Undoubtedly, the ‘experience’ gained during the relocation of the Armenians rendered the Young Turks capable of acting more methodically and systematically in the case of the Greeks. In order to keep criminal acts secret, so as not to arouse the indignation of neutral countries and international humanistic organizations, Cemal Pasha strictly prohibited photographs to be taken either of the displaced,566 their endless death marches, or of crimes being committed against them thus explaining the lack of documentation. However, Cemal Pasha did not succeed in covering up these crimes; concrete evidence is provided by consular and ambassadorial reports by Turkey’s allies, in which one may find detailed accounts not only of Young Turk and Kemalist crimes, but also of European hypocrisy.
The reports and complaints of clerical, political and intellectual representatives of the Greek population all point to Germany’s role in carrying out criminal acts.

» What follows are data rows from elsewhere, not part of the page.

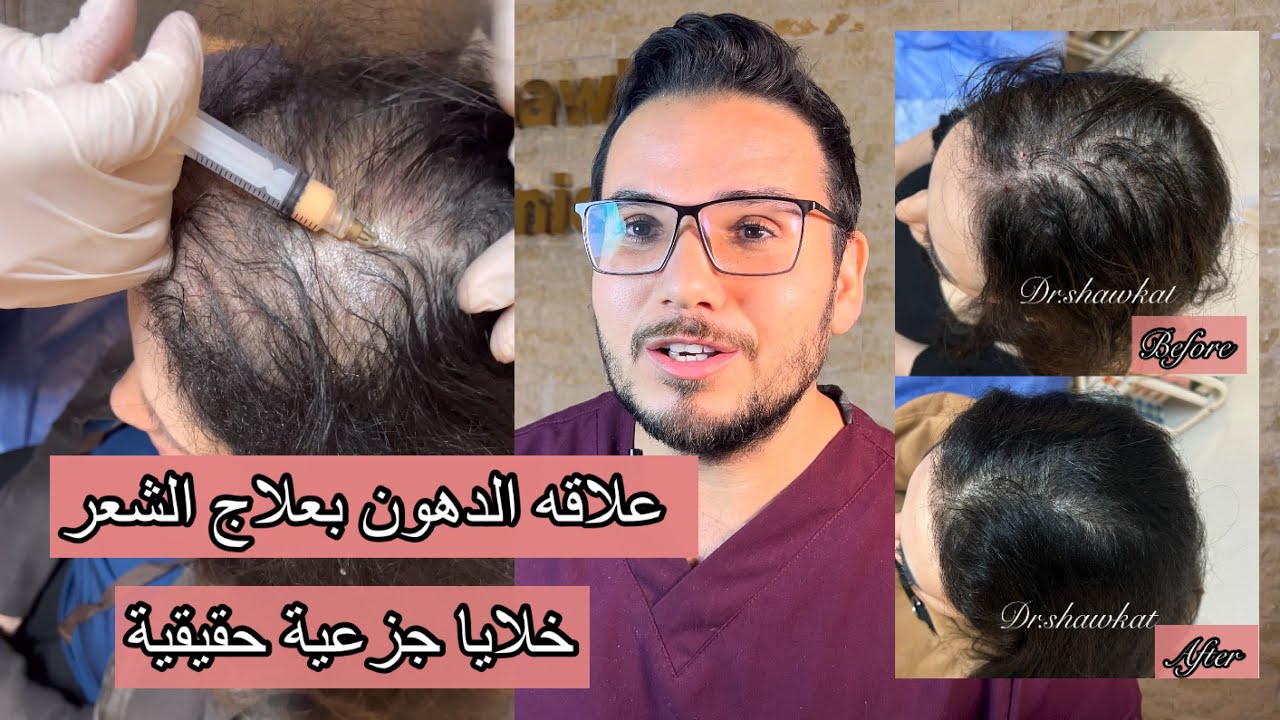 اقوي علاج بيطلع شعر :الخلايا الجزعيه الحقيقية لعلاج الشعر stem cells .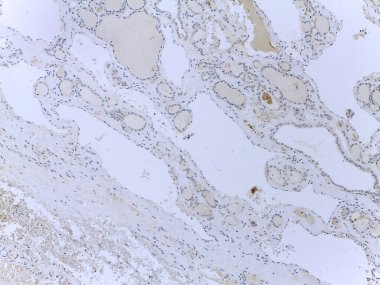 Düzensiz desenleri ve şekilleri olan, soyut sanat veya doğal oluşumlara benzeyen dokulu bir yüzeye yakından bakmak. Renkler ağırlıklı olarak hafif ve ince varyasyonlu..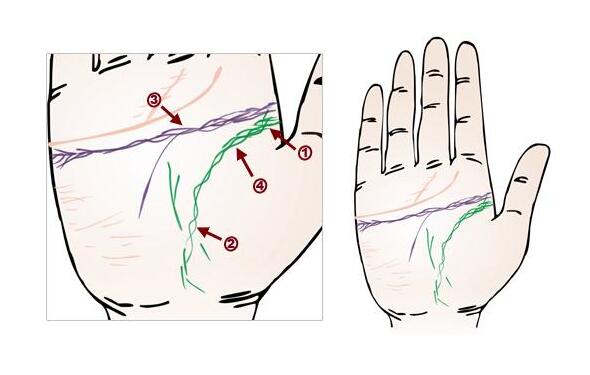 手相中生命线间断的意义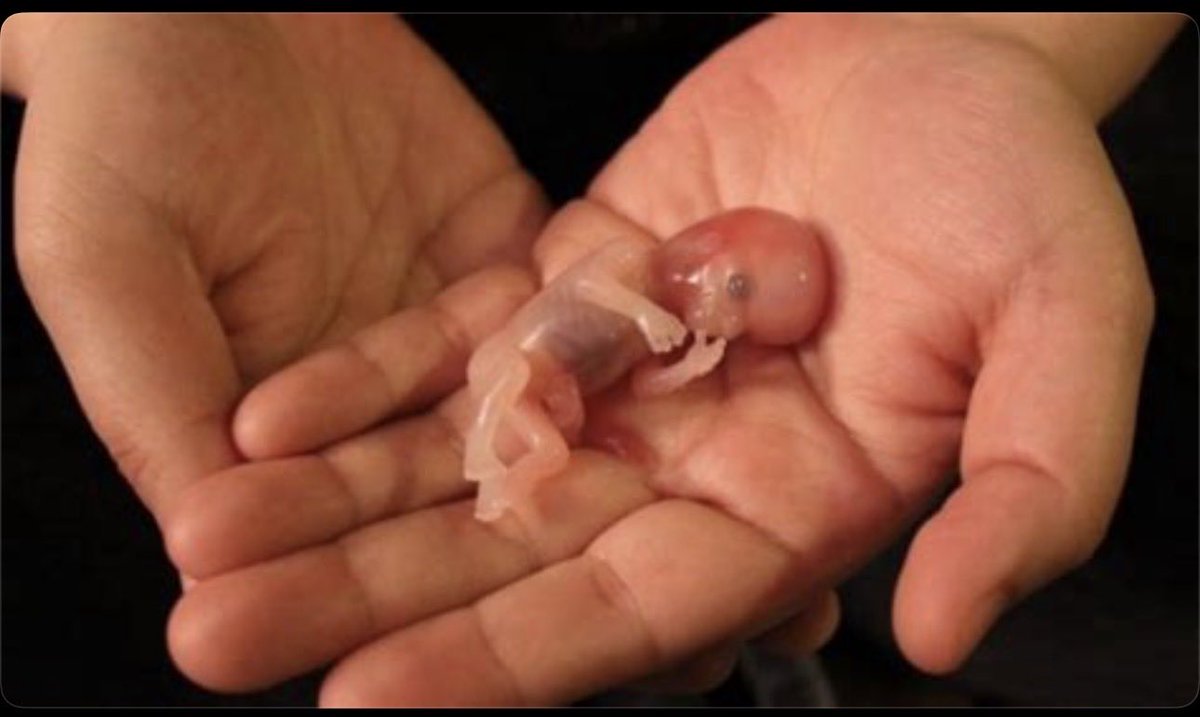 thriftdaniel1's tweet photo. Abortion is the cold-blooded murder of the most innocent of human life…. https://t.co/Z01eFbqcnY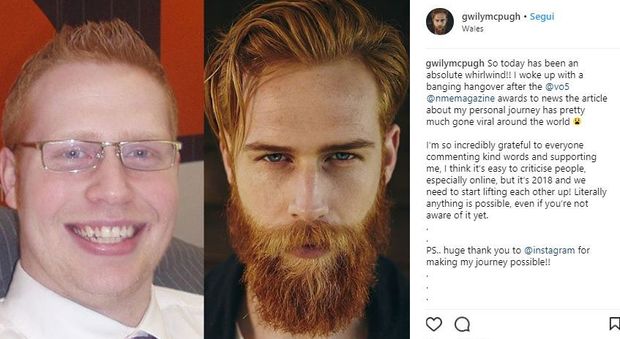 Da nerd e sovrappeso a sex symbol: come la barba gli ha cambiato la vita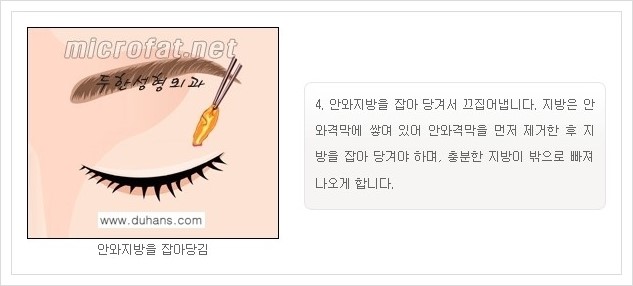 [두한성형외과 경쟁력 지방제거] - [눈 지방제거 안내] 관련 이미지 6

There were many reports that never made it to their destination, due to censorship and strict surveillance of the Greek authorities. In one of his reports, German vice-consul Schulenberg admitted that everyone was under surveillance and that the secure transfer of news on the events to individuals or various official quarters was impossible. In September 1916, after his meeting with the metropolitan of Samsun, Germanos Karavangelis, Schulenberg wrote: “Soon after I arrived in Samsun (in early May, almost two months after the legation), I was visited by the metropolitan bishop, who drew my attention to the particularly difficult situation faced by the Greeks. The metropolitan requested that I take a letter to the Patriarch, because none of his recent letters had reached their destination. It is true that all provincial administrators of Anatolia, from the vali to the most insignificant kaimakam, censor letters in the most shameless manner, in order to prevent protests or accounts of their deeds.”
Germanos Karavangelis’ letter of May 1916 never reached its destination; instead of delivering it to the Ecumenical Patriarch, the pro-Turkish German embassy forwarded it to Berlin. The envelope containing the letter referring to the persecutions of Christians is still kept in the archives of the German Ministry of Foreign Affairs. Its concealment testifies once again to Germany’s role as an accomplice. Senior German public servants decided to bury the danger signals and desperate cries for help inside the dark archives of Berlin and then Bonn. Brought to light for the first time, the letter in which the metropolitan gives an account of rape, murder and lawless acts by the local Muslim population and irregular forces of Laz Chetes is presented as written: “Your All Holiness: The plight of the Greek population in the Samsun province has been indescribable since the arrival of the newly-appointed Turkish-Cretan mutesharif of Samsun (named Canik) this past November. Claiming to be going after deserters, he has sent gendarmes together with an irregular army of Laz throughout the area, having ordered them to torment and afflict villages so that not a spark of life, honour or property is left in the villagers.”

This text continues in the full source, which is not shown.